Professor Victoria Nash: There are a couple of points. First, I reiterate the point that Professor Woods made earlier about ensuring that we do not move to an ever-more surveyed society, where every communication that we send to another person is subject to surveillance. We need to be wary of that. There may be scope in the context of messaging apps—I do not know whether they will fall within the scope of the Bill—to ensure, for example, safeguards in the form of reporting. There are other measures that may be just as relevant to messaging apps, even when surveillance or prevention may be very difficult.
The Chair: To expand on that, when you say reporting, do you mean by the providers of those?
Professor Victoria Nash: Yes. If we are thinking about social media or platforms where you engage in user-generated content, there is often the possibility to report fraudulent or other abusive content. If we are very serious about dealing with the capacity for online fraud via messaging services, ensuring that users know what to do when they encounter problematic content in those means is an important safeguard that might be looked at.
The Chair: Thank you. That is very helpful.
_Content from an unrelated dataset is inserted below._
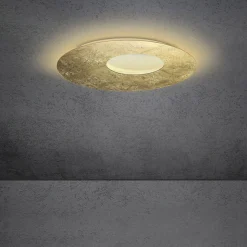 Escale Blade Open LED Wand- / Deckenleuchte, Ø: 59 cm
Professor Lorna Woods: We need to look at the function of the service. There is a difference between a messaging service where you have, essentially, one-to-one communications, which is very much in the heartland of privacy of correspondence, and an app such as Telegram that allows you to broadcast to 10,000 members of a group. Looking at the features of a service rather than how it is described is important.
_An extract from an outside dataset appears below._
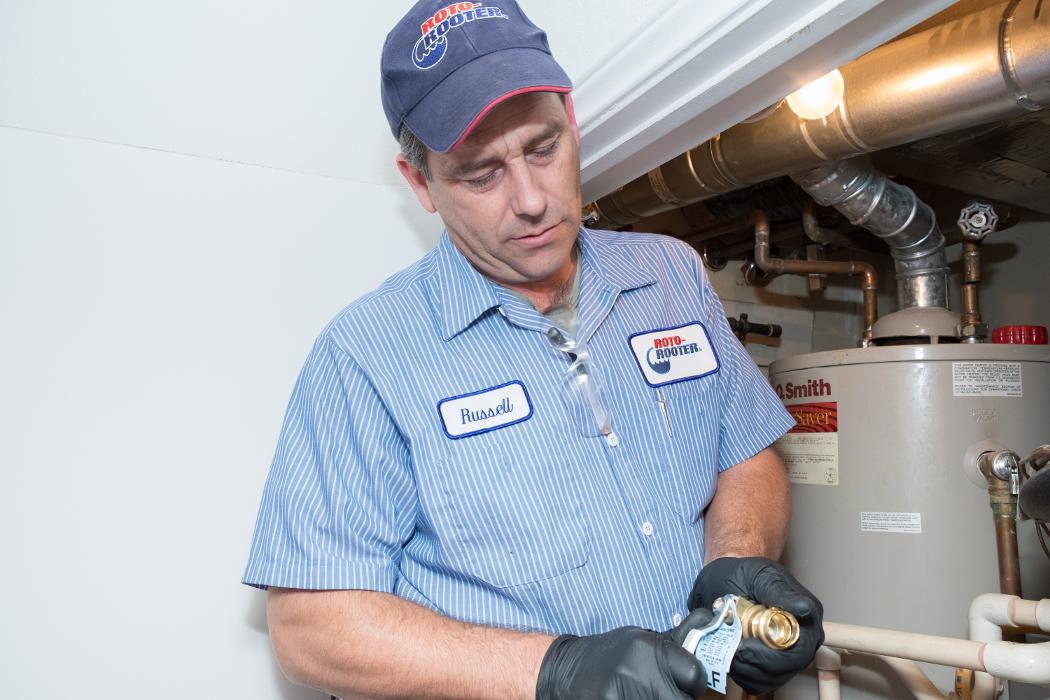Roto-Rooter Plumbing & Water Cleanup Image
Q60 The Chair: Thank you, that is very helpful. We ask all our witnesses this final question. Specifically thinking about fraud being conducted, is there one policy recommendation that you would like us to reflect on and to make to government when we are preparing our report? I do not know who has a fully formed policy recommendation. If you do not, that is absolutely fine. Professor Nash, perhaps I could come to you. Is there anything you want to add?
Professor Victoria Nash: I do not have a fully formed new policy recommendation. I guess it would just be a request that we ensure that the resources are there for enforcement, including training for the agencies that will enforce both prevention and detection of fraud, and for education. A few times we have commented on the fact that this is a really complex area. Obviously, there is a role for platforms themselves to engage in media literacy and education, which I hope will be included in the Bill, but education more broadly, even beyond the platforms, is needed.
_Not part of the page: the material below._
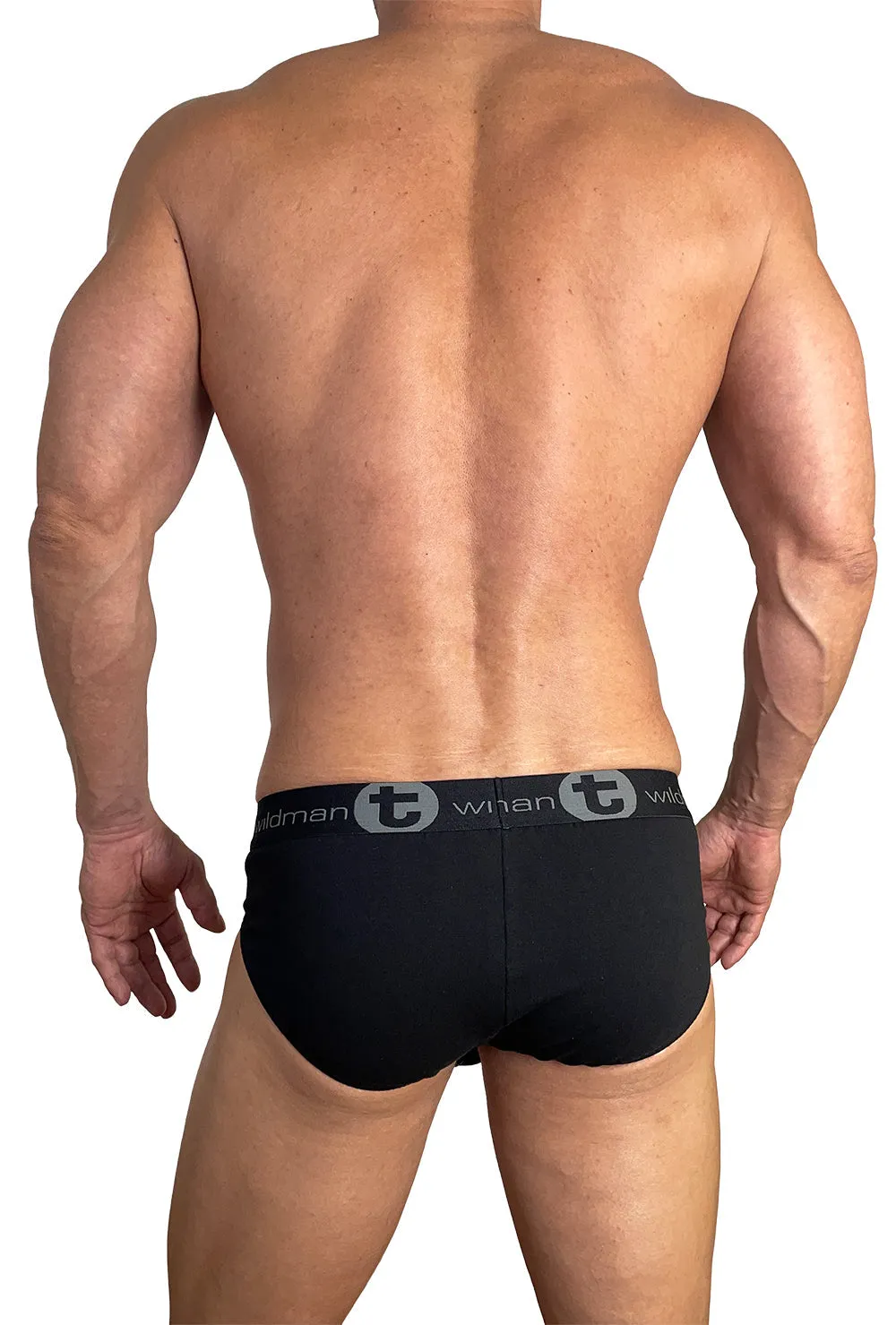 3-PACK WildmanT Cotton Monster Cock Brief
The Chair: Professor Woods, a recommendation.
Professor Lorna Woods: It is looking at how the regulators work together to make sure that they have the appropriate competences and powers, as well as resources.
The Chair: That is very helpful.
Lulu Freemont: Ours would be very much around encouraging the Government to look at how we need a whole-system change response to tackle this issue effectively. Continuing to work in silos and continuing to think about individual pieces of legislation, without co-ordination and without collaboration, which could be legislative or non-legislative, would be a real mistake from our perspective. It is thinking about the bigger picture and the whole-system change response, which obviously encompasses the commercial ecosystem, law enforcement, criminal justice, tech companies, banks and telecoms, and the infrastructure to support users and consumers who might become victims.
The Chair: Thank you. That is very clear. Thank you, all three of our witnesses this morning. Lulu, we are delighted that you were able to get back on so that we had the benefit of your evidence. Preparing for a Select Committee is quite a task, so we are really grateful to you for your time this morning. I thank my colleagues for the questions. Thank you all for your time.